The U.S. is looking to plant its flag in the animation industry, and this latest step was a big one. GKIDS, Variety magazine, and The Annecy International Animated Film Festival are launching an ‘Animation is Film’ Festival in the United States. The 2017 Festival is planning to run from October 20-22nd at the TCL Chinese 6 Theatre in Hollywood. The inaugural event will consist of 20 programs—feature films in competition, short film programs, special presentations, and retrospectives.

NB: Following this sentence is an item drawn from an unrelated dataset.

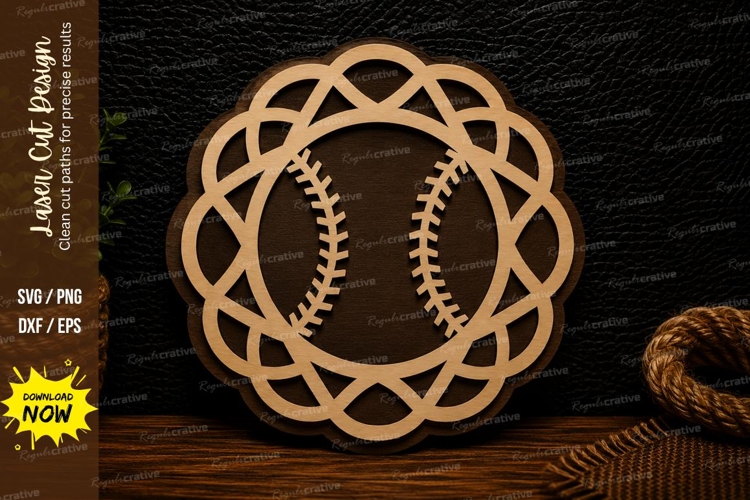 Baseball Mandala Circle Laser Cut Svg Design baseball mandal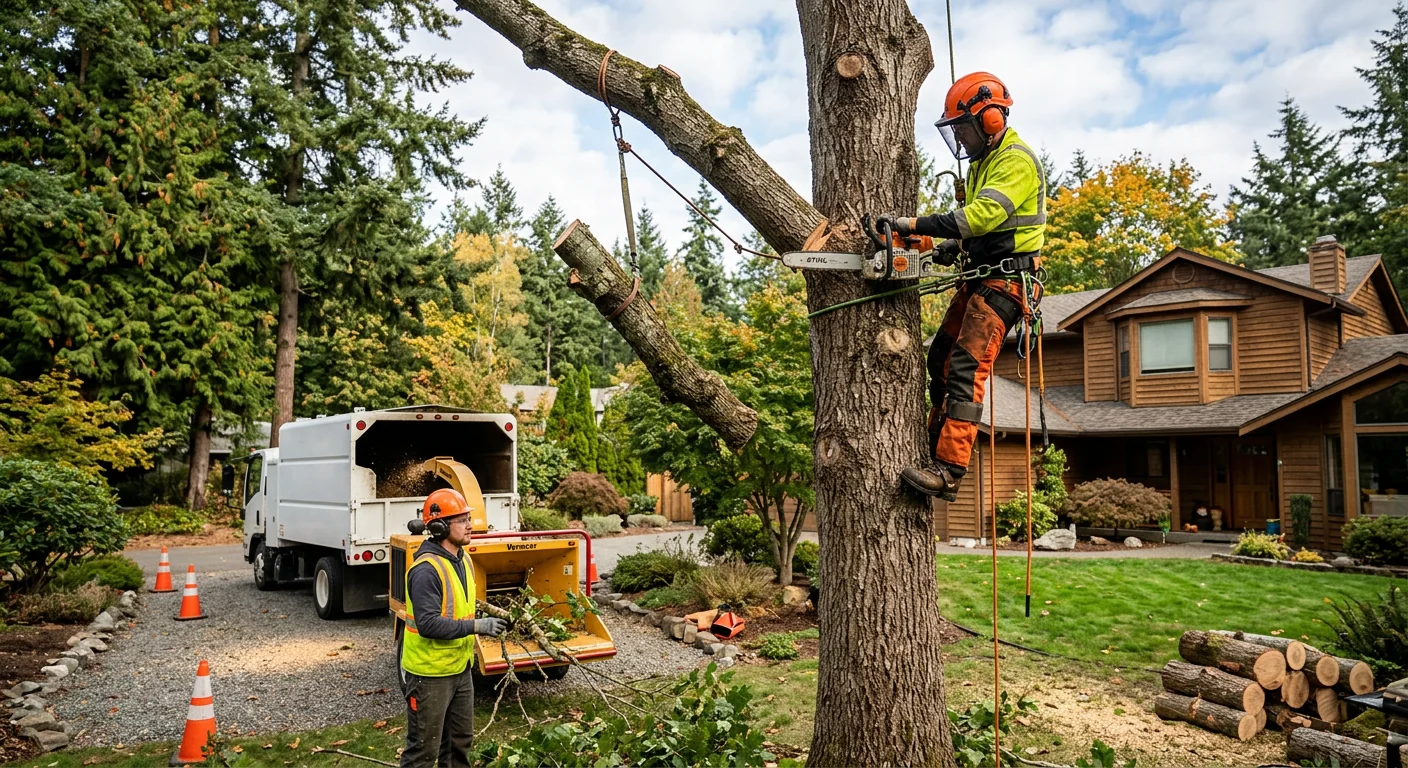 Arborist planting a young tree with proper root ball depth in a Bothell yard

Annecy’s involvement in the festival instantly gives the event some lofty credibility. Established in 1960, Annecy is the oldest and largest animation film festival in the world. Nearly 10,000 participants, 95 countries, and some 500 films made up France’s 2017 Annecy film festival. And this year has certainly been prosperous for Annecy as well in terms of its world presence. For instance, Annecy has established itself in Cannes, Seong, and now Los Angeles.
Since the U.S. didn’t have a highly acclaimed animation film festival, it was lagging far behind Europe and Asia. The ‘Animation is Film’ Festival is hoping to close that major hole in the United States film industry market. The goal is to create, “a world class animation festival on par with the major events in Europe and Asia–and locating it in the world capital of animated filmmaking.”
I must also applaud another goal set forth by this festival. ‘Animation is Film’ wants to celebrate those who are under-represented within the film industry. This goal is, “Championing and supporting women filmmakers, and filmmakers from a wide range of cultural, economic, and national and geographic backgrounds.”
Honestly, I can’t think of one female anime director, and they exist. But before now, I didn’t know their names. Just to ease my own mind, here’s a list of 10 female anime directors via Otaku Lounge. Sayo Yamamoto however, is easily the most noteworthy to me (Yuri!!! on Ice, Samurai Champloo, and Lupin the III: The Woman Named Fujiko Mine). It is depressing that I didn’t know who she was.
Consequently, I believe this festival will be good for the US. Mostly because I don’t think anything bad can come from animation receiving more attention, and these directors finally getting the recognition they deserve.